2nd Ave & E 47th St New York, NY 10017
4, 5, 6, 7, or S to 42nd Street.
WILLIAM AND THE WINDMILL (Ben Nabors | Malawi | 92 min.)
In a tiny village in Malawi, a teenage boy decided to do something himself. Though forced to drop out of school for financial reasons, the boy hungered for knowledge, and borrowed books from the threadbare library. But like 98% of people in his impoverished country, his home had no access to electricity, no way to read after dark, after work. So he gathered bicycle tires and scrap wood, discarded tractor parts and flattened PVC tubing, and began to assemble a tower, the tallest structure for miles around. To power his house, 14-year-old William Kamkwamba built himself a windmill.
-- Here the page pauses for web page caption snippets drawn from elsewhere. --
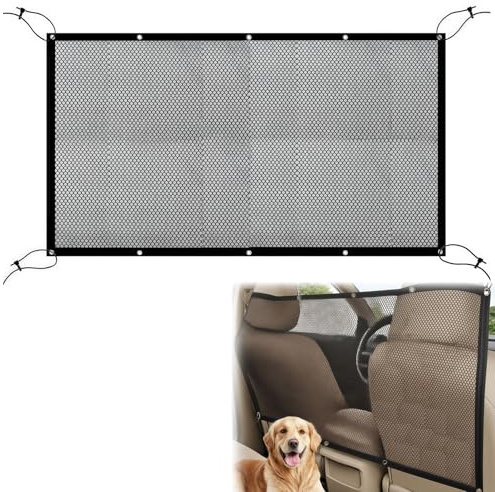 YEDOUALE Barrera Coche Perros Malla divisoria Asiento Trasero 1 Unidad Red Seguridad vehículo Negro Universal para SUV camión Turismo protección conducción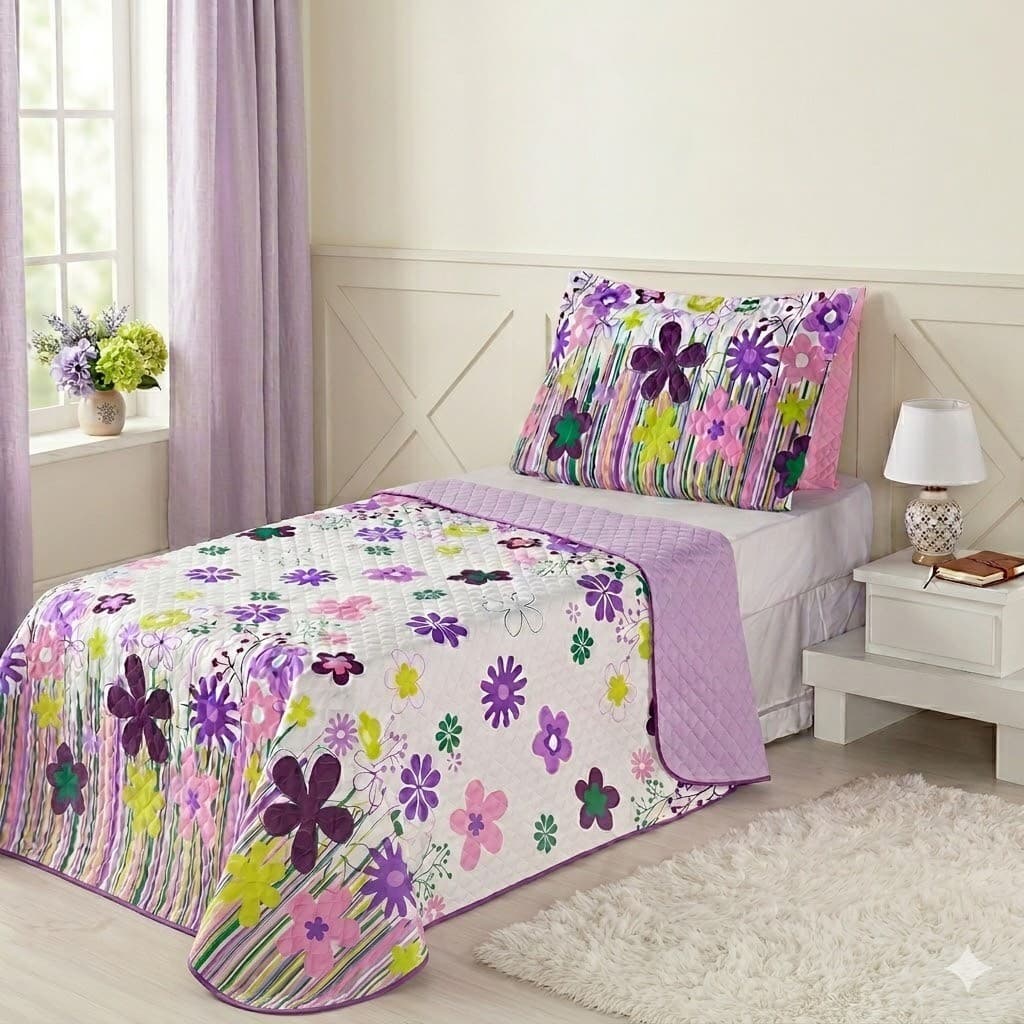 Cobre leito Colcha Solteiro Dupla Face com Porta Travesseiro Kids Infantil Estampado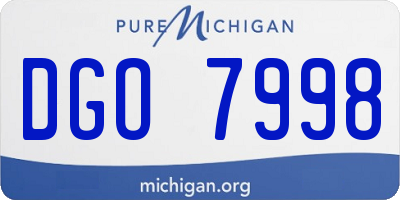 MI license plate DGO7998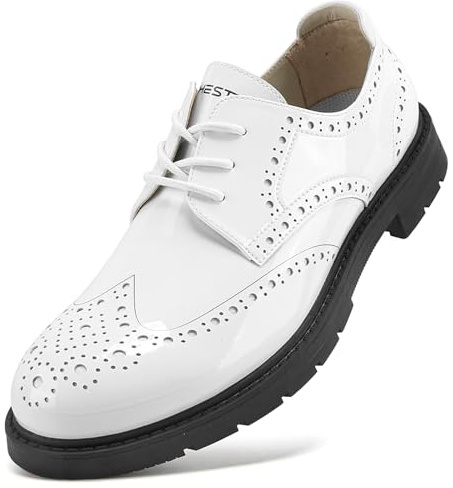 PENXZT Spikes Golfskor Herr Halkfria Utomhus Golf Sport Träningsskor för Golf,White,42 EU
He could now read at night, and charge a cell phone to communicate outside his village. Soon he was traveling the world, invited by powerful institutions and global leaders to tell the story of how a little bit of information, a little bit of help, had changed his life forever.
The beginning of William’s story reads like a fairy tale, but whether he lived happily ever after is the central question of this intimate and thought-provoking documentary. Upon being “discovered,” William was given many opportunities: he spoke at the TED conference, co-authored an auto-biography, went on lecture tours. But opportunities also open the door to stresses, and William sometimes struggled with the good will sent his way. The motivations of his sponsors appear beneficent, seemingly doing their best instructing him how to succeed (in their world). But it’s also achingly clear that the shy and agreeable William has made tremendous compromises in the process of pursuing his new future.
And so this inspiring story of transformation also becomes a cautionary fable about the limits of charity, and the fissures across social divides that maybe cannot be bridged. As William embarks on a sponsored matriculation at an Ivy League university, not fully comprehending the nature of his situation and quietly wishing to return to anonymity, we don’t know what’s best for him. It’s still an open-ended question.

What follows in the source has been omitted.